Cierto es que la derecha democrática europea poco se parece a la que representaban, entre otros, Adenuaer, De Gasperi, Churchill o De Gaulle, quienes contribuyeron a la reconstrucción de Europa tras la conflagración mundial y que la izquierda, motor de numerosas y grandes conquistas sociales, padece una gran crisis y los auténticos valores de la socialdemocracia parecen encontrarse de vacaciones en algunos países. Y si en ellos la derecha extrema gana terreno y, lo que es más grave, los trabajadores votan a esa fuerza, es debido a los errores de unos y otros. Sus posicionamientos políticos, que se reflejarán en sus ordenamientos jurídicos, nunca deben verse afectados por los de los fascistas.
Que hagan un esfuerzo para seguir considerándonos portadores de la democracia y la libertad es lo que todos deseamos. Cuiden bien de otra parte las reformas que afecten a nuestros hermanos de otros lugares y al ordenamiento jurídico de los diferentes países de la Unión o del ordenamiento único que pueda venir. Que no se les prive, de otro lado, de ningún derecho fundamental.

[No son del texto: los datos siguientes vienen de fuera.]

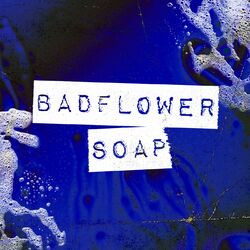 Cover of Soap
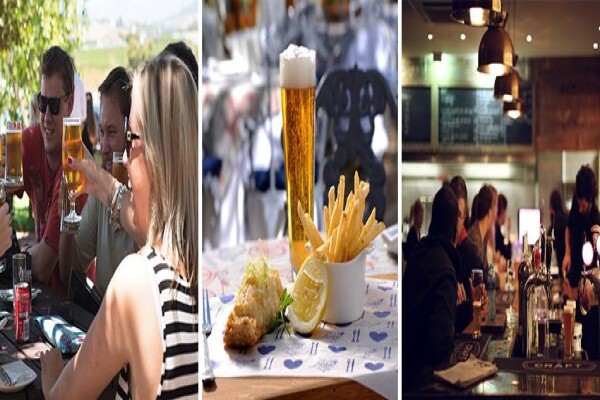 Stellenbosch Tourism Information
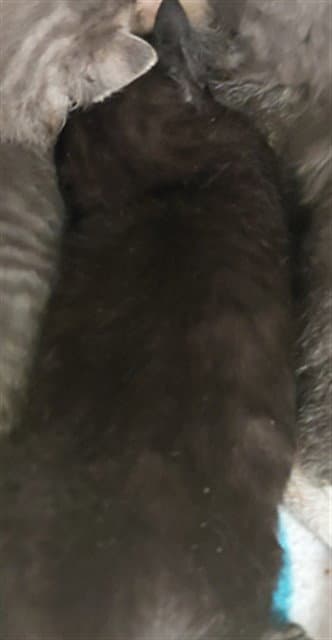 Unknown - Domestic Short Hair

Toda esta reflexión no pretende sino una llamada de atención y prevenir antes que lamentar. Cuando uno va paseando por la calle y se cruza con africanos o transeúntes de alguna nacionalidad latinoamericana, desea sentirse europeo y mirarles a los ojos, sin importar en absoluto lo que los extremistas piensen.
El día que no tenga ese sentimiento, si es que llega, a tiempo estamos de que no llegue, no seré sino un europeo de nacimiento únicamente, pero solidarizado más que ahora, si ello cabe, con quienes no merecen el maltrato histórico que están recibiendo. De otro lado, cuando España, mi país, fue más grande, fue cuando consiguió que árabes, judíos y cristianos convivieran pacíficamente, con respeto recíproco a sus culturas y religiones. Nunca lo será de producirse hechos como los acaecidos en El Ejido o con la originalidad de algunos Ayuntamientos que, para sacarse a los inmigrantes de encima, les pagan el billete para trasladarlos a otras ciudades. Debe ser lo que algunos entienden por solidaridad, bella palabra de no mucho contenido en los tiempos que nos toca vivir. Y no deseo, finalmente, que en lo sucesivo la ONU llame la atención a España como recientemente ha ocurrido al denunciar mal trato a inmigrantes menores de edad. Que nunca más me sienta obligado a escribir sobre este tema, pues sólo así me sentiré plenamente europeo.
Juan José Martínez Zato es fiscal de Sala del Tribunal Supremo y jefe de la Inspección de la Fiscalía General del Estado.